In order to determine whether eRF3b-37 influences the expression of GSPT2 and TGF-β1, the cells were divided into three groups: Control, TGF (10 ng/ml) and TGF (10 ng/ml)+eRF3b (100 ng/ml). In regard to GSPT2, the mRNA and protein expressions of the TGF group were lower than those observed in the control or TGF+eRF3b groups at 24 and 48 h following treatment (Fig. 2A and C). With respect to TGF-β1, the mRNA and protein expressions in the TGF group were markedly higher when compared with the control and TGF+eRF3b groups (Fig. 2B and D). The results revealed that eRF3b-37 treatment increased GSPT2 expression and inhibited TGF-β1 expression. It is thought that eRF3b-37 may exert its effects on LX-2 by inhibiting TGF-β signaling. Thus, TGF-β1 was successfully used to activate HSCs and construct a fibrogenic expression model of HSCs.

eRF3b-37 decreases the mRNA and protein expression of pro-fibrogenic factors induced by TGF-β1 in LX-2 cells

To evaluate the effects of eRF3b-37 on HSC activation, the mRNA and protein expression levels of pro-fibrogenic factors induced by TGF-β1 in LX-2 cells were determined. The mRNA and protein expressions of ColI, CTGF and α-SMA in the TGF group were greater than those observed in the control or TGF+eRF3b groups (Fig. 3A-F). In addition, the protein expression of GSPT2 increased, while that of α-SMA decreased with the increased dosage of eRF3b-37 (Fig. 3G). A negative correlation was also observed between GSPT2 and α-SMA expression, with a Pearson's correlation coefficient of -0.991 (Fig. 3H). The results revealed that HSC activation occurred as the TGF-β1-induced increased expression of ColI, CTGF and α-SMA by was inhibited by eRF3b-37 application; eRF3b-37 increased GSPT2 expression and inhibited α-SMA expression dose-dependently in LX-2 cells.

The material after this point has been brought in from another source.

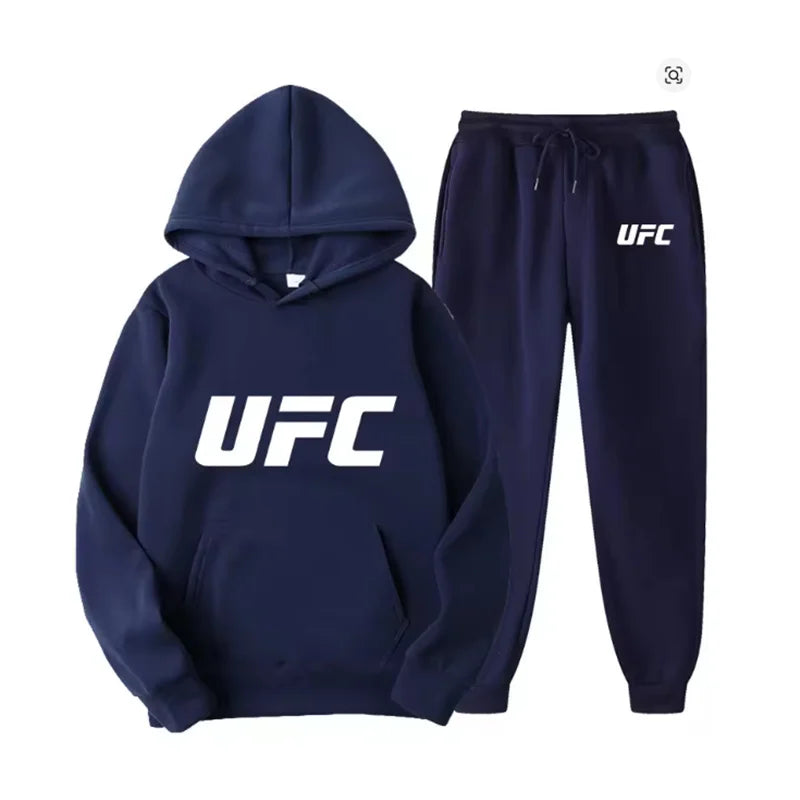 Completo Tuta Uomo Felpa e Pantaloni - Set Sportivo Streetwear con Stampa Geometrica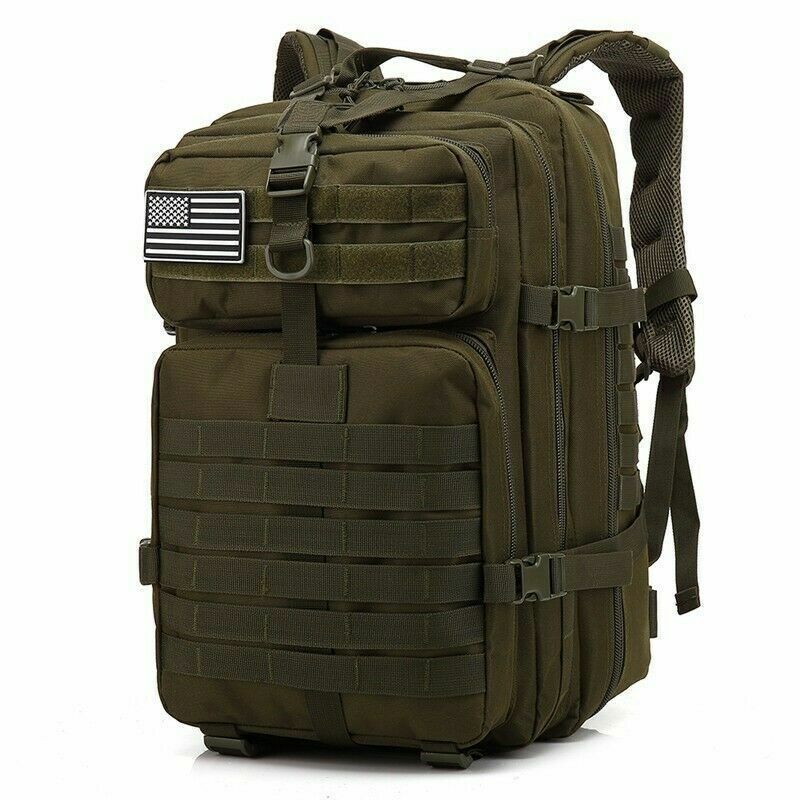 Man Army Tactical Backpacks Bags Pack Trekking Camping Hunting Bag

eRF3b-37 inhibits proliferation, promotes the G0/G1 arrest of the cell cycle and affects proliferative factor expression in LX-2 cells stimulated with TGF-β1

To determine the effects of eRF3b-37 on cell proliferation and the cell cycle when induced by TGF-β1, HSCs were divided into five experimental groups: Control, TGF, TGF+1.0 ng/ml eRF3b-37, TGF+10 ng/ml eRF3b-37 and TGF+100 ng/ml eRF3b-37. eRF3b-37 inhibited LX-2 cell proliferation when stimulated with TGF-β1, with inhibition rates of 34.80 and 19.90% at 24 and 48 h, respectively, for the TGF+100 ng/ml eRF3b-37 group (Fig. 4A). Subsequently, the cells were divided into three groups as aforementioned. In the TGF group, there were fewer G0/G1 phase cells, while the number of S cells increased when compared with the control group. In the TGF+eRF3b group, the number of G0/G1 phase cells increased, while the number of S phase cells decreased in the TGF group; the number of G2/M phase cells did not change significantly at 48 h (Fig. 4B-D). The PI of the TGF group was greater than that observed in control or TGF+eRF3b groups at 48 h (Fig. 4E). Cyclin D1, CDK4 and P21 are factors that regulate proliferation and cell cycle (14). The mRNA expressions of Cyclin D1 and CDK4 in the TGF group increased when compared with the control and TGF+eRF3b groups. However, the mRNA expression of P21 in the TGF group was reduced when compared the control or TGF+eRF3b groups (Fig. 4F-H). These results revealed that eRF3b-37 may inhibit cell proliferation viability, promote G0/G1 arrest and block DNA synthesis by downregulating the expression of Cyclin D1 and CDK4 and upregulating the level of P21 in LX-2 cells stimulated with TGF-β1.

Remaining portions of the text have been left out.